(INFORMATION PROVIDED Opens)

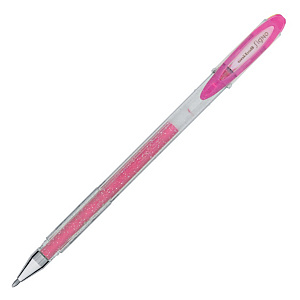 Uni-Ball Signo Sparkling Bolígrafo de gel, punta ancha de 1 mm, cuerpo transparente, tinta rosa purpurina Uni-Ball Signo Sparkling Bolígrafo de gel, punta ancha de 1 mm, cuerpo transparente, tinta rosa purpurina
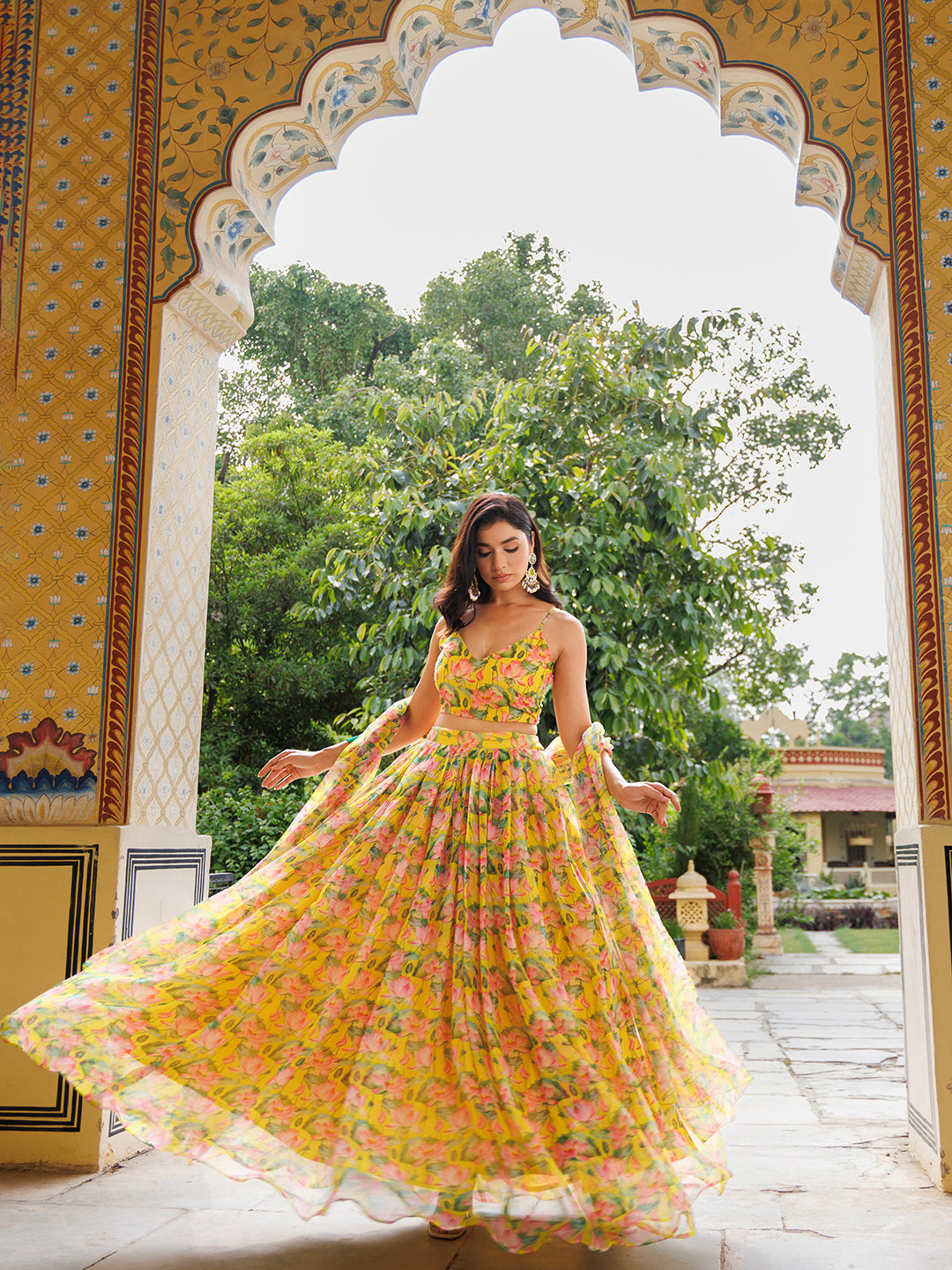 Lemon Chrome Yellow Floral Printed Chiffon Lehenga Set  - By Ragavi - qivii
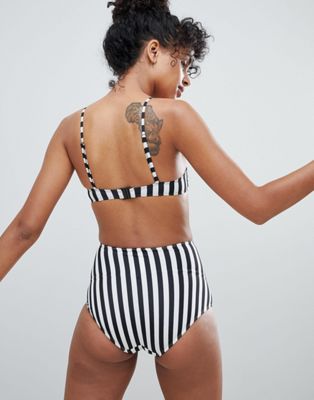 Monki ASOS Monki Halter Neck Bikini Top Swim Suit Swimwear Stripe Black White XS 
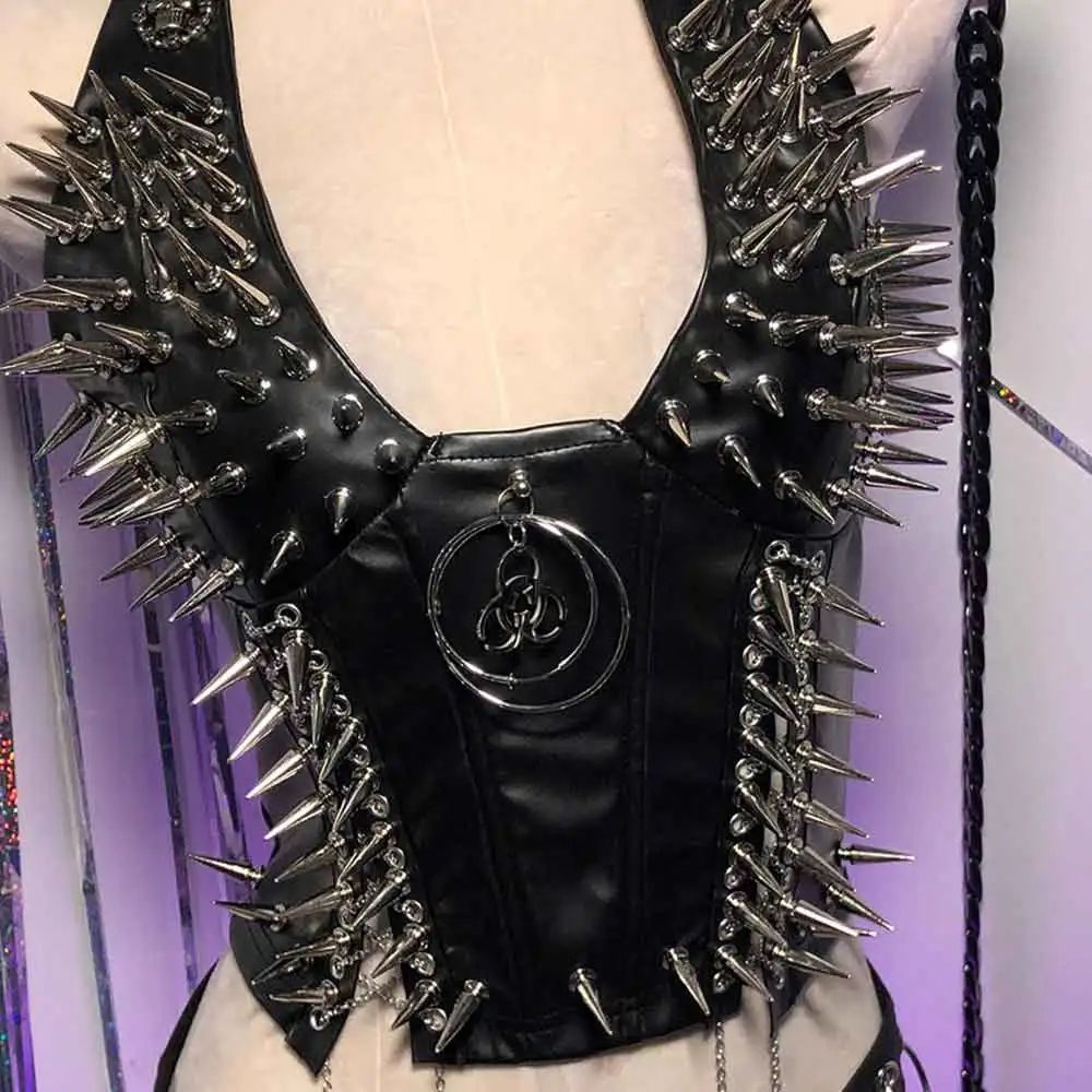 Gothic PU Leather Spike Tank Top  Rivet Y2K Cyber Punk Crop 18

(INFORMATION PROVIDED Closes)

** ACTIVITY **
Would you set down every line of the data above exactly, skipping the pictures?

** EXPECTED ANSWER **
 Uni-Ball Signo Sparkling Bolígrafo de gel, punta ancha de 1 mm, cuerpo transparente, tinta rosa purpurina Uni-Ball Signo Sparkling Bolígrafo de gel, punta ancha de 1 mm, cuerpo transparente, tinta rosa purpurina
 Lemon Chrome Yellow Floral Printed Chiffon Lehenga Set  - By Ragavi - qivii
 Monki ASOS Monki Halter Neck Bikini Top Swim Suit Swimwear Stripe Black White XS 
 Gothic PU Leather Spike Tank Top  Rivet Y2K Cyber Punk Crop 18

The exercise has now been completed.